Admit it: You’ve rooted for the not-so-totally evil guy.

Ocean’s Eleven

Andy Garcia’s turn as savvy casino mogul Terry Benedict in “Ocean’s Eleven” is a good example. Bradley Whitford’s outing as the conniving CEO in “Billy Madison” is another. Or the DEA’s Hank Schrader in “Breaking Bad.” Hell, the shark from “Jaws” will do it.

From where I’m sitting, the villains above can hardly be called villains. Take Terry Benedict: He owns and operates three luxury casinos in Las Vegas. He treats his girlfriend and employees with respect. “The guy’s a machine,” says one character. “He remembers every valet’s name.” Enter Clooney, the ostensible protagonist, a thief who decides to burgle roughly $150 million from the casinos because?—?get this?—?Benedict is banging Clooney’s ex.

Billy Madison

Or how about Bradley Whitford in “Billy Madison”? Sure, he’s a snippy jerk, but I might be a snippy, too, if I’d worked for decades to secure my spot among the brass at a Fortune 500 hotel chain only to be told the company would go to the owner’s son, a drunken layabout who never passed the first grade.

Even the staunchest “Breaking Bad” fans have to admit that Hank Schrader is no true villain. The guy was, quite literally, just doing his job.

And then there’s the shark from “Jaws.” Hunt or be hunted, right?

Rooting for the not-totally-evil guy

So what if a villain isn’t as out-and-out evil as The Joker or Lord Voldemort? Does it really matter whether we’re rooting against a sorta-bad baddie or an off-the-rails lunatic?

In some sense, I think it does. According to Dr. Arthur Raney of Florida State University, a character’s appeal relies heavily on whether the audience finds his or her actions “morally justifiable.” If the character’s moral compass squares with our own, we support them.

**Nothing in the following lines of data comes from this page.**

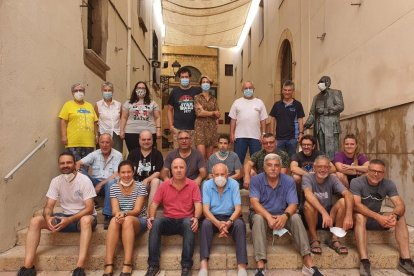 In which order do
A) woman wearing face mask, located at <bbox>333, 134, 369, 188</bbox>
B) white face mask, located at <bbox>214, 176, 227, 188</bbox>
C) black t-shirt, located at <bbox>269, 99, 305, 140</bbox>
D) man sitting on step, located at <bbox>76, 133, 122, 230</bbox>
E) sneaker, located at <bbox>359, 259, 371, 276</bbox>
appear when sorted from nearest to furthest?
sneaker, located at <bbox>359, 259, 371, 276</bbox> < white face mask, located at <bbox>214, 176, 227, 188</bbox> < woman wearing face mask, located at <bbox>333, 134, 369, 188</bbox> < man sitting on step, located at <bbox>76, 133, 122, 230</bbox> < black t-shirt, located at <bbox>269, 99, 305, 140</bbox>

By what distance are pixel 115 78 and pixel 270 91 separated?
19.6 feet

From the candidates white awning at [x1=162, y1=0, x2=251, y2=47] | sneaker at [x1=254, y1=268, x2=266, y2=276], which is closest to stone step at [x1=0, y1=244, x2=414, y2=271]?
sneaker at [x1=254, y1=268, x2=266, y2=276]

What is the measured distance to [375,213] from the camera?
4.02m

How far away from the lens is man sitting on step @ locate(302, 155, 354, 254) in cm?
398

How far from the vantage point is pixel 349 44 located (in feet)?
19.9

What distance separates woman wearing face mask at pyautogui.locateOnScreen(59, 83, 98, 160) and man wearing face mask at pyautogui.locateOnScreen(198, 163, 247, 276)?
1999 millimetres

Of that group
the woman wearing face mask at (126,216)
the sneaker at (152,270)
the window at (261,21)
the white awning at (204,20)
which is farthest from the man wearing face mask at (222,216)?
the window at (261,21)

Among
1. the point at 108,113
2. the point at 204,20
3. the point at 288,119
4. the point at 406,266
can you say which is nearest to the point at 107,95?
the point at 108,113

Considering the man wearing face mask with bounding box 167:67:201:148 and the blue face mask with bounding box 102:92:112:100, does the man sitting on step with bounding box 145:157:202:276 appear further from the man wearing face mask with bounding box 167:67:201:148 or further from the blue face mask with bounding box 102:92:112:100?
the blue face mask with bounding box 102:92:112:100

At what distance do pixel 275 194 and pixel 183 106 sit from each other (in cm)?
203

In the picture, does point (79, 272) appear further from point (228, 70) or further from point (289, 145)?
point (228, 70)

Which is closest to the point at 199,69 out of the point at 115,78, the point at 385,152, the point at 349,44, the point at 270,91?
the point at 270,91

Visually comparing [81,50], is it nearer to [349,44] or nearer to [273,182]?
[273,182]

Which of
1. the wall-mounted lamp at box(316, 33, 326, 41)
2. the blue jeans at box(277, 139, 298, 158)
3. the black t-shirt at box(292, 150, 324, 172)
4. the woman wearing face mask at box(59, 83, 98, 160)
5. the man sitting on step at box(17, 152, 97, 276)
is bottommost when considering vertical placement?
the man sitting on step at box(17, 152, 97, 276) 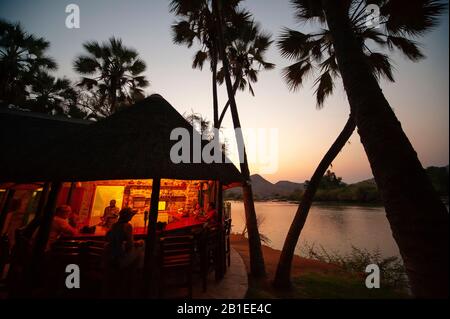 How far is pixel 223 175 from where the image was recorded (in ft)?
16.8

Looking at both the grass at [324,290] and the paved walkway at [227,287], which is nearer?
the paved walkway at [227,287]

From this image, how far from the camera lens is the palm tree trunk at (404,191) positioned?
4.98ft

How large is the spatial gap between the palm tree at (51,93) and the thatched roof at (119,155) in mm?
11425

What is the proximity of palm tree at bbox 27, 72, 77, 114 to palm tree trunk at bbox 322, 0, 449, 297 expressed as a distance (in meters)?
18.8

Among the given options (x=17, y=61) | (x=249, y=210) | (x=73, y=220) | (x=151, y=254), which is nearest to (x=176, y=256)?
(x=151, y=254)

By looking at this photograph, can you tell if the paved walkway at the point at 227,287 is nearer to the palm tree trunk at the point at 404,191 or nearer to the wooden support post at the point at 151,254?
the wooden support post at the point at 151,254

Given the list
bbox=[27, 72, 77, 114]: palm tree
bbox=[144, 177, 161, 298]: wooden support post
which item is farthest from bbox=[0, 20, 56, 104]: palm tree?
bbox=[144, 177, 161, 298]: wooden support post

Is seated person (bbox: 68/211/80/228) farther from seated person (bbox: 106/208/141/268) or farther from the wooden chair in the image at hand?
the wooden chair

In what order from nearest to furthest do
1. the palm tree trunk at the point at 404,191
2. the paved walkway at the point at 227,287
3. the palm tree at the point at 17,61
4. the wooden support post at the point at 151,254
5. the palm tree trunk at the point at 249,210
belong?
1. the palm tree trunk at the point at 404,191
2. the wooden support post at the point at 151,254
3. the paved walkway at the point at 227,287
4. the palm tree trunk at the point at 249,210
5. the palm tree at the point at 17,61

Dolf Zillman’s Affective Disposition Theory posits the same thing: Character does good, we like character. But Zillman includes another variable, called a “latitude of moral sanction,” which suggests that our morality expands when consuming fiction to allow naughty or outright bad behavior from a character we support.

‘Breaking Bad’

Latitude of moral sanction (LMS) has allowed shows like “Dexter” and “Breaking Bad” to enjoy huge success. In conventional storytelling, serial killers and drug dealers are the villains. In LMS storytelling, writers flip the script and must put otherwise good people (read: Hank Schrader) in the villain’s seat.

Which is where I think a little objectivity goes a long way when watching a movie or reading a novel. It feels good to root for Danny Ocean; he’s funny, handsome, charismatic and he plays by his own set of rules. He’s an appealing rogue. But one might benefit from doing some laps in Terry Benedict’s shoes?—?he is, technically, a better role model than Danny Ocean could ever be.

And that’s what fiction is, largely, isn’t it? A way of refocusing the world’s ethical or moral constituents and extracting from that grid a Better Way To Live? A Boston Globe article about the effects of consuming fiction employs a wealth of evidence that fiction can change its audience’s beliefs and values simply through the act of storytelling. As writer Jonathan Gottschall puts it:

Fiction is often treated like a mere frill in human life, if not something worse. But the emerging science of story suggests that fiction is good for more than kicks. By enhancing empathy, fiction reduces social friction. At the same time, story exerts a kind of magnetic force, drawing us together around common values. In other words, most fiction, even the trashy stuff, appears to be in the public interest after all.

Antihero with a grain of salt

Gottschall’s article acknowledges that most heroes?—?even antiheroes?—?are motivated by love, while most villains are motivated by wealth, power and prestige. My issue with this diagnosis lies not in the question of whether love is a worthwhile motivator (it is!), but whether a character like Terry Benedict can really be vilified for choosing his life’s work over a girlfriend who’s still hung up on her ex.

That’s what sets Danny and Terry apart: Terry chooses the $150 million, Danny chooses the girl. Never mind that Terry is on the up-and-up; never mind that he employs hundreds (if not thousands) of people; never mind that he’s a respected and fair boss. Danny can make Tess laugh.

Or Whitford in “Billy Madison”?—?forget his decades of loyalty to the company, his business degrees, his general know-how. Billy has a good heart.

Wealth, power and prestige aren’t inherently evil, is my point. There’s value in listening to both sides of the story. Because for all the good fiction does for our society, it also the runs the risk of over-romanticizing the easy way out. The world needs Terry Benedicts and Hank Schraders just like the ocean needs sharks. They might not be the type of guy you want to get a beer with, but neither are they splitting their souls in half and hiding Horcruxes around their old high school.